About 1794, Keir and Blair purchased land in the Tividale area, on the borders of Dudley and Tipton, on which they established the Tividale colliery. Keir studied the mineralogy of Staffordshire, and in 1798 wrote an article on it for Stebbing Shaw's History of Staffordshire. He also gave Shaw information on Staffordshire manufacturing.

Sir Humphry Davy, while visiting Gregory Watt at Birmingham in 1800, was introduced to Keir. In February 1811 Keir forwarded to the Geological Society "An Account of the Strata in sinking a Pit in Tividale Colliery", accompanied by a number of specimens.

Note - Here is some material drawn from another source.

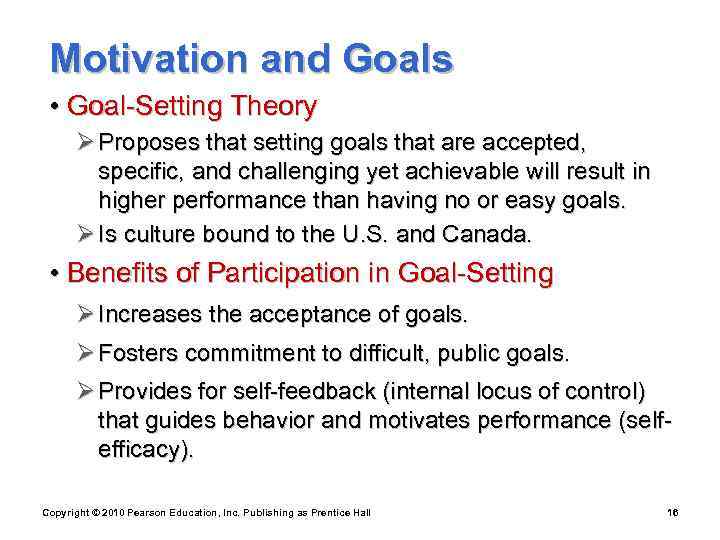  Motivation and Goals  • Goal-Setting Theory  Ø Proposes that setting goals
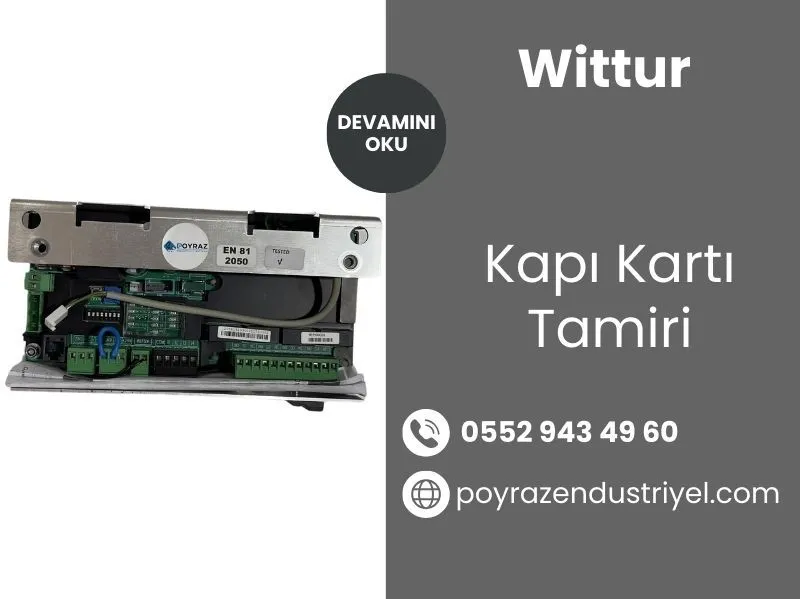 Wittur Kapı Kartı Tamiri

On 19 December 1807, while Keir was staying with Blair at Hilton Park, his house at West Bromwich was burnt, though most of his books and papers were saved. For a time he lived at a small farmhouse in the neighbourhood.

Keir died at West Bromwich on 11 October 1820, and was buried at All Saints Church, Charlemont. By his marriage in 1770 to Susanna Harvey (1747–1802) he had an only child, Amelia (1780–1857), who in 1801 married John Lewis Moilliet of Geneva and later Abberley, afterwards merchant and banker of Birmingham.

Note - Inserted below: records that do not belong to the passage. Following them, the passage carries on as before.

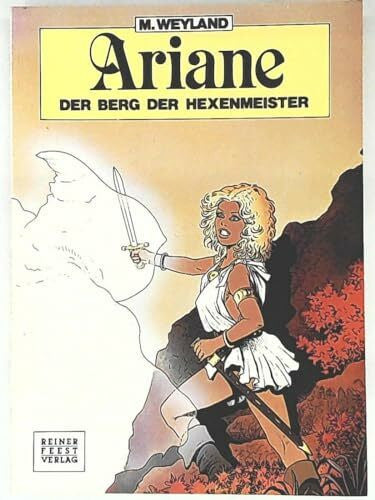 M. Weyland Ariane, Band 6: Der Berg der Hexenmeister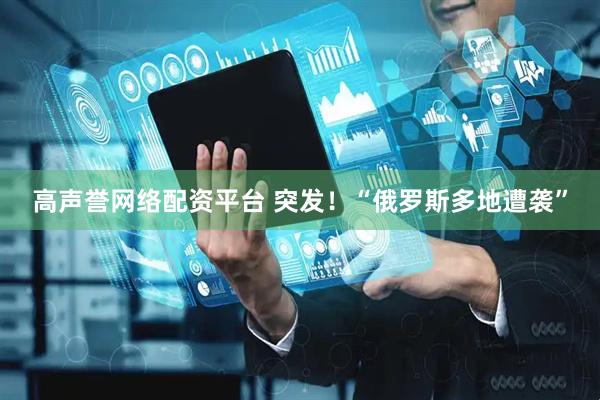 高声誉网络配资平台 突发！“俄罗斯多地遭袭”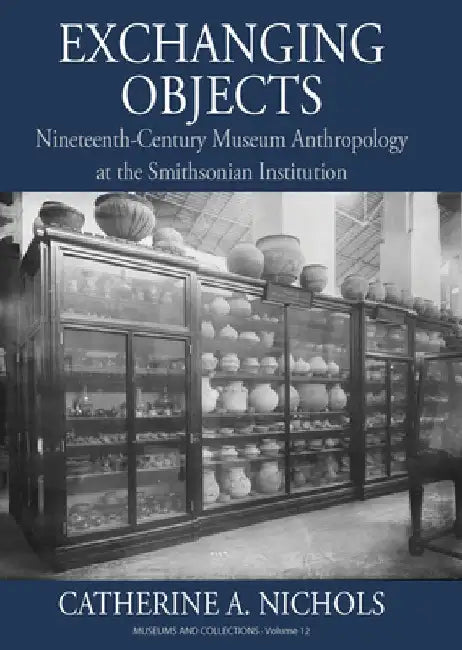 Exchanging Objects: Nineteenth-Century Museum Anthropology at the Smithsonian Institution by Catherine A. Nichols Nichols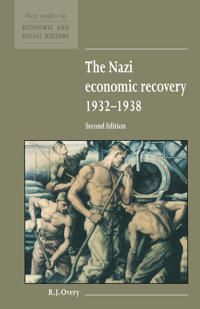 The Nazi Economic Recovery 1932–1938 | 3 002:a upplagan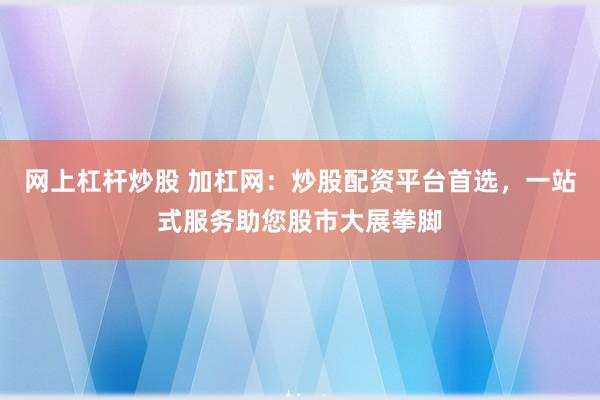 网上杠杆炒股 加杠网：炒股配资平台首选，一站式服务助您股市大展拳脚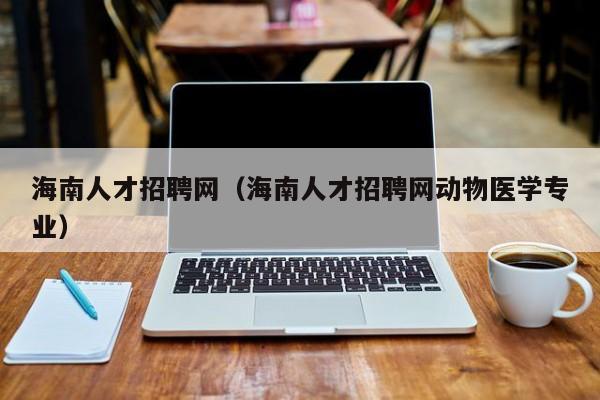 海南人才招聘網(wǎng)（海南人才招聘網(wǎng)動物醫(yī)學(xué)專業(yè)）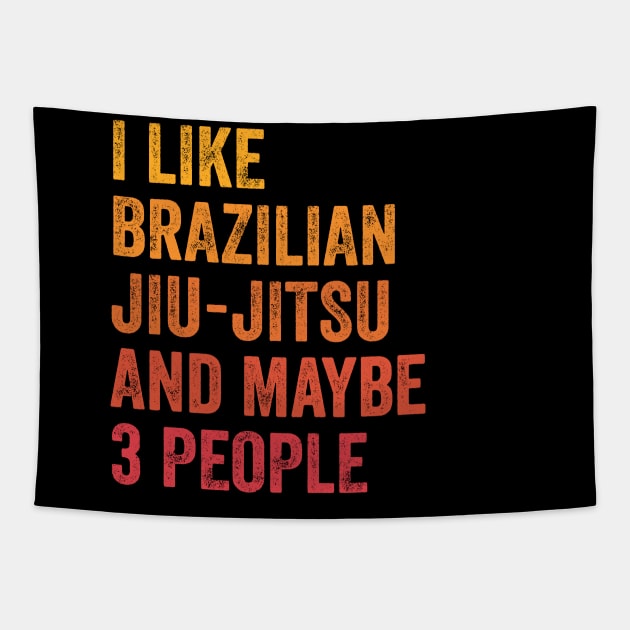 I Like Brazilian Jiu-jitsu and Maybe 3 People - Brazilian jiu-jitsu Lover Gift Tapestry by ChadPill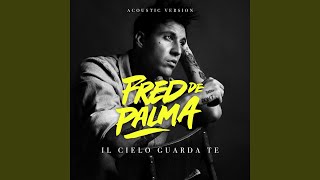 Il cielo guarda te (Acoustic Version)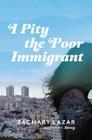 I Pity the Poor Immigrant: A Novel By Zachary Lazar Cover Image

==Selected non-scientific writings==

In 1791 Keir wrote, at the special desire of the widow, a memoir of his friend Thomas Day, author of "Sandford and Merton". During the same year Keir's avowal of sympathy with the French revolution at a public dinner on 14 July exposed him to much virulent abuse. He defended himself and Priestley in various pamphlets, such as the "Extinguisher Maker", "T. Sobersides", and "High Church Politics". In 1793 Keir published a pamphlet entitled 'The Martial Character of Nations,' arguing that the French were not likely to become so pacific as to make national defence less necessary. Ten years later he wrote Reflections on the Invasion of Great Britain by the French Armies; on the Mode of Defence; and on the useful application of the National Levies (1803).

Keir, who frequently amused himself by writing poetry, suggested to Darwin many improvements (afterwards adopted) for the second part of the Botanic Garden. The most valuable portion of his correspondence was destroyed by the fire at his daughter's residence, Abberley Hall, Worcestershire, on 25 December 1845. A selection from what was saved, with a sketch of his life, was printed for private circulation in 1859.

==Honours and memorials==

- Keir was elected a Fellow of the Royal Society of London on 8 December 1785.
- Keir is remembered by the Lunar Society Moonstones in Birmingham.